**DATA SHOWN**
[Start of Attachment]

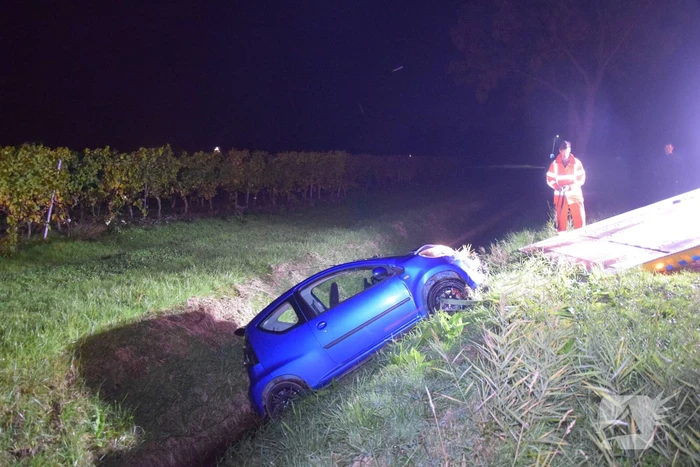 Automobilist belandt in sloot door glad wegdek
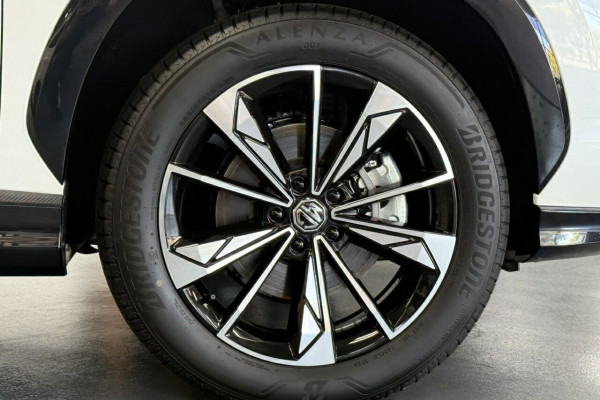 2024 MY24.5 MG HS AS33 Essence SUV Image 5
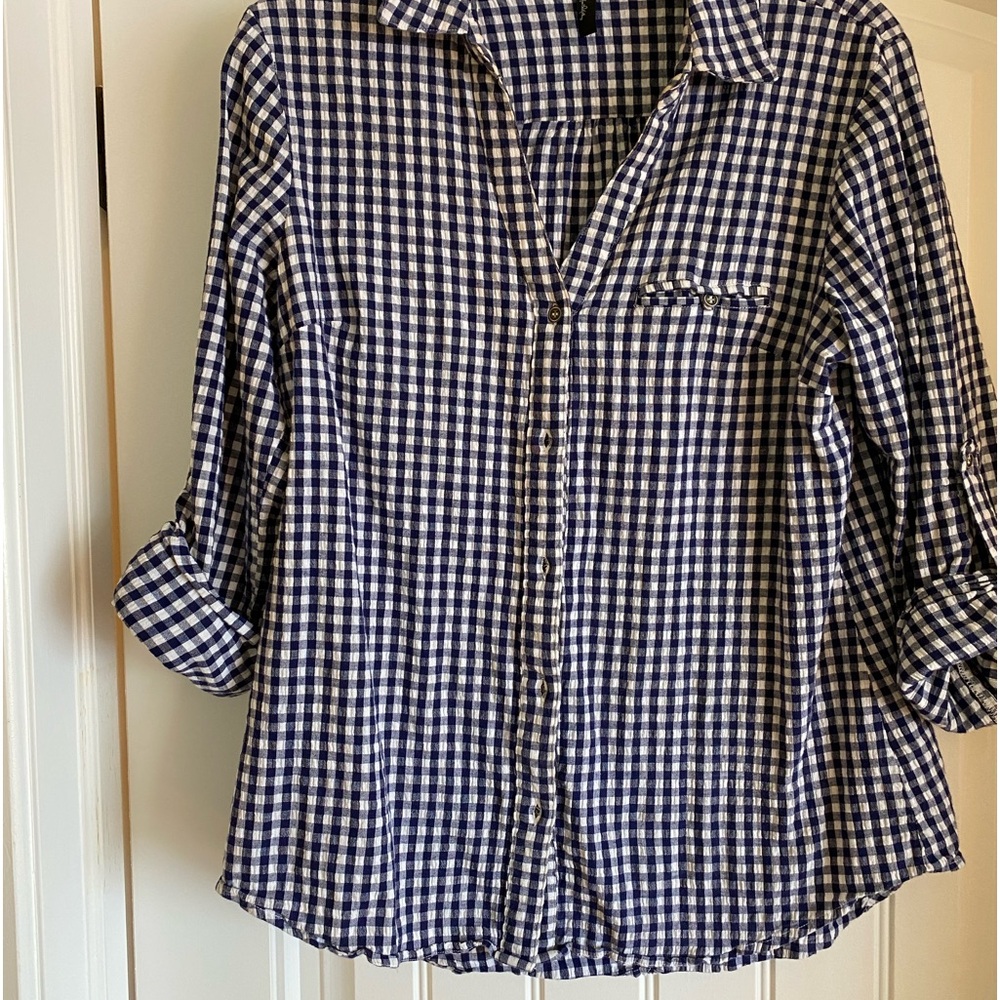 Checkered blue and white shirts roll up sleeves that button elbow
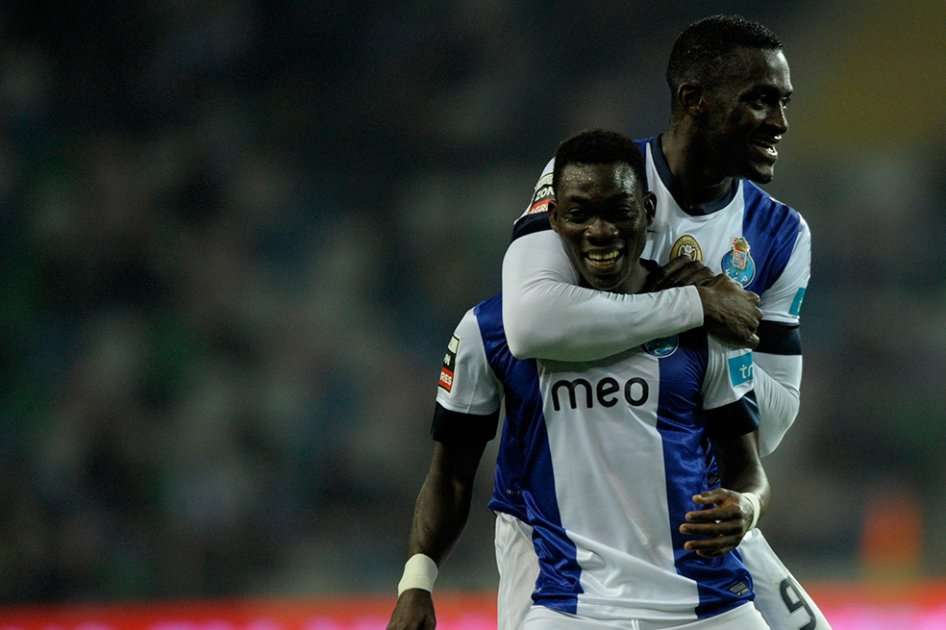 Con el gol que le anotó este viernes a Beira Mar, Jackson Martínez llegó a 20 goles. / AFP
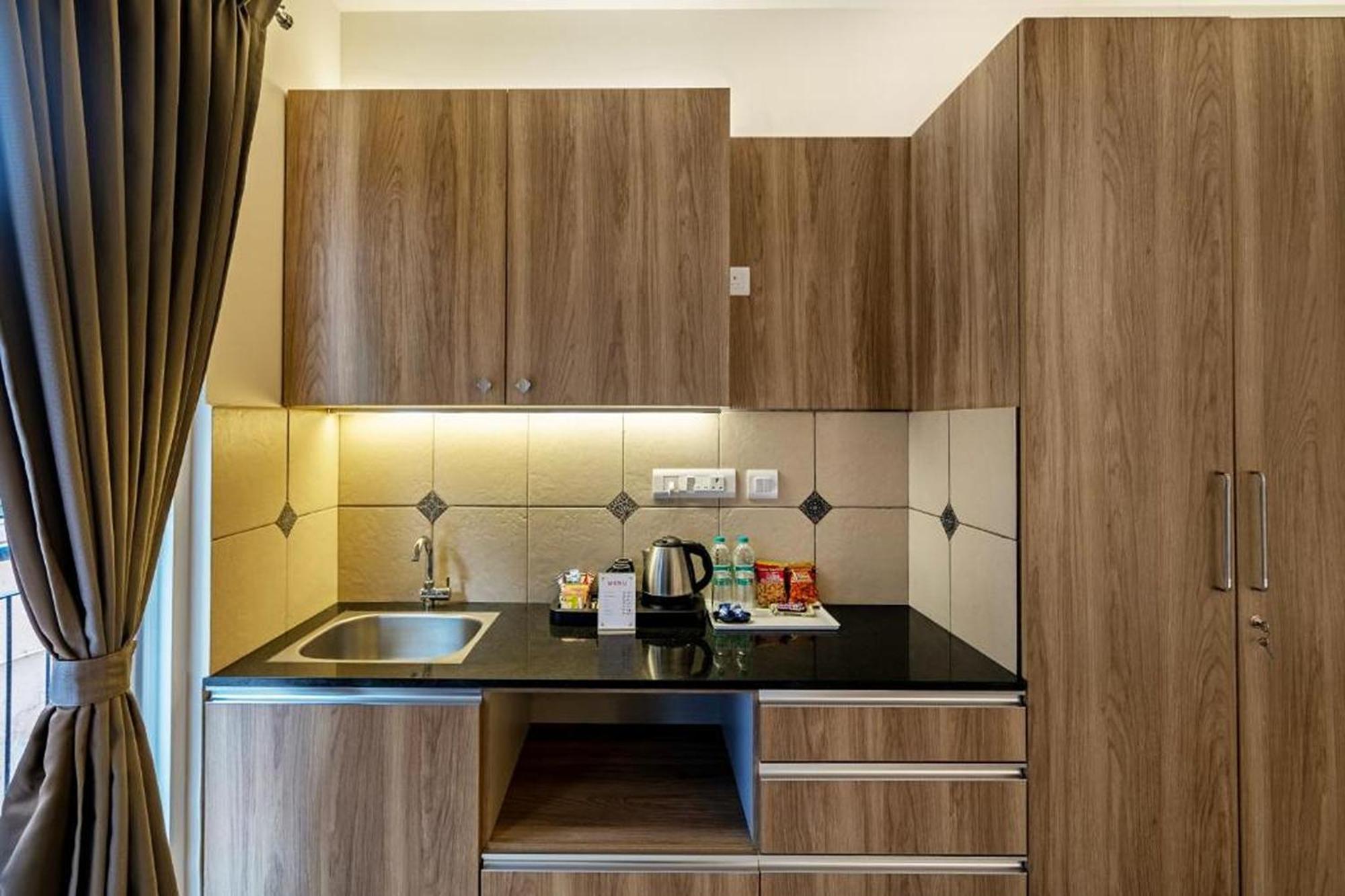 העיר בנגלור Wandr Hotel- Near Mg Road מראה חיצוני תמונה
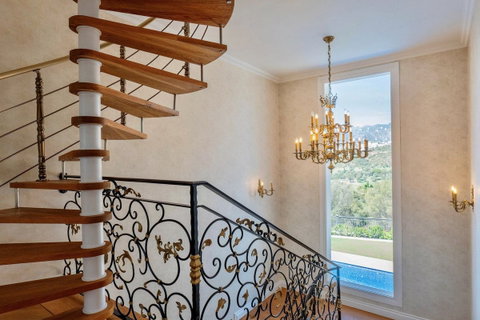 Detached Villa in Marbella, Costa del Sol – 4 beds – 3990000 € - photo 17 of 54
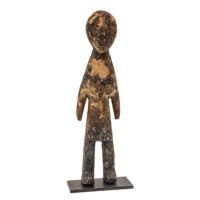 Figura Aklama, Adan, Gana, Séc. XX, madeira, pigmentos, 5x19x4cm – Ref CCAK22-039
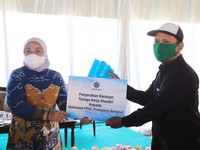 Menaker Ida Serahkan Bantuan ke Pelaku Usaha & PKL Mojokerto
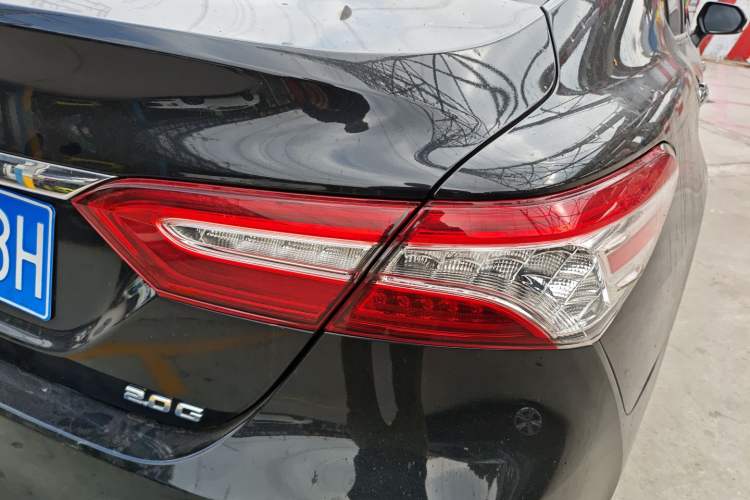 Used Toyota Camry 2021 2.0G Luxury Edition
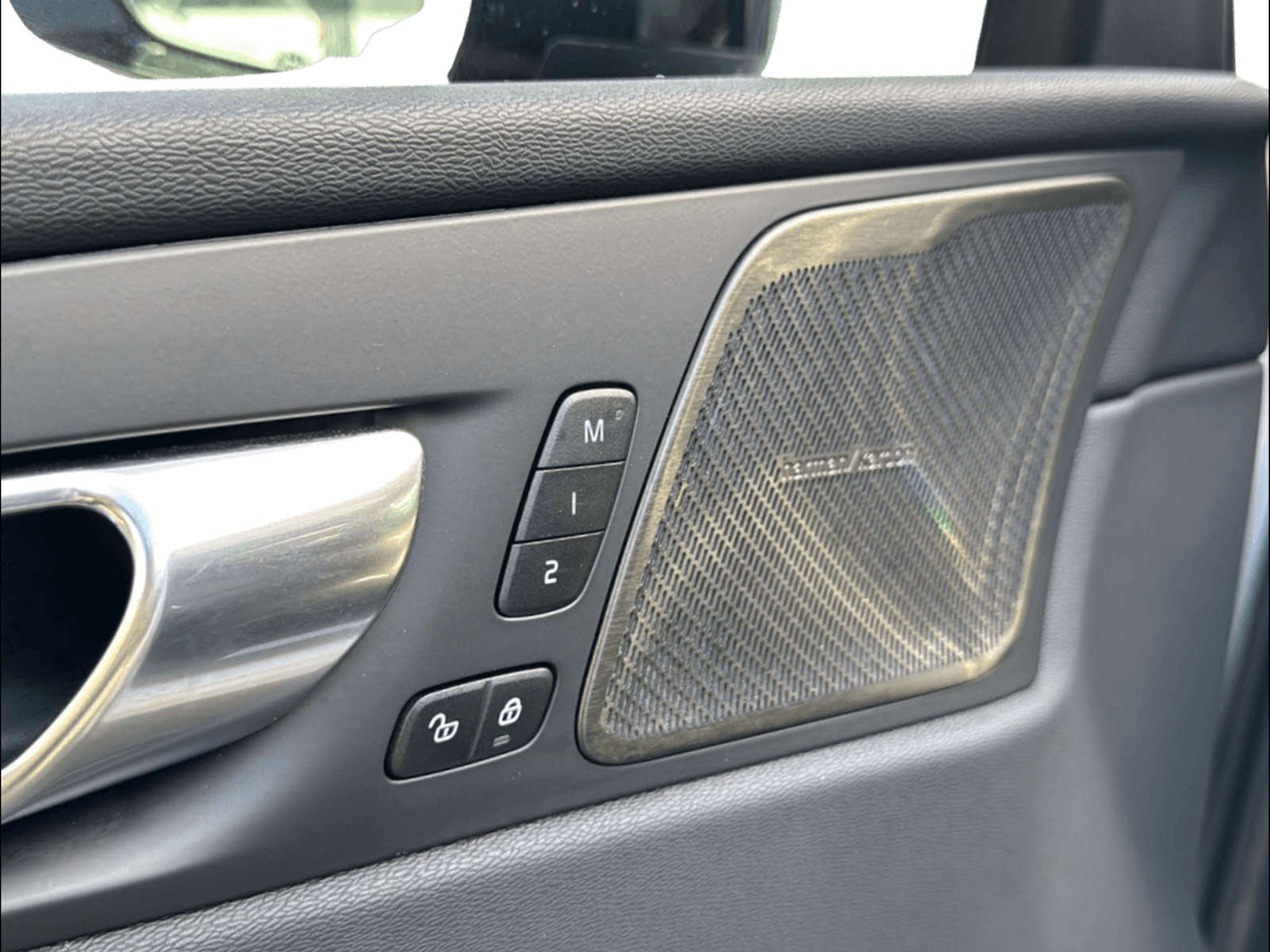 listing desktop thumbnail image 13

[End of Attachment]

**EXERCISE GOAL**
Return the whole listing word for word, minus its pictures.

**SOLUTION FOR THIS EXERCISE**
 Automobilist belandt in sloot door glad wegdek
 2024 MY24.5 MG HS AS33 Essence SUV Image 5
 Checkered blue and white shirts roll up sleeves that button elbow
 Con el gol que le anotó este viernes a Beira Mar, Jackson Martínez llegó a 20 goles. / AFP
 העיר בנגלור Wandr Hotel- Near Mg Road מראה חיצוני תמונה
 Detached Villa in Marbella, Costa del Sol – 4 beds – 3990000 € - photo 17 of 54
 Figura Aklama, Adan, Gana, Séc. XX, madeira, pigmentos, 5x19x4cm – Ref CCAK22-039
 Menaker Ida Serahkan Bantuan ke Pelaku Usaha & PKL Mojokerto
 Used Toyota Camry 2021 2.0G Luxury Edition
 listing desktop thumbnail image 13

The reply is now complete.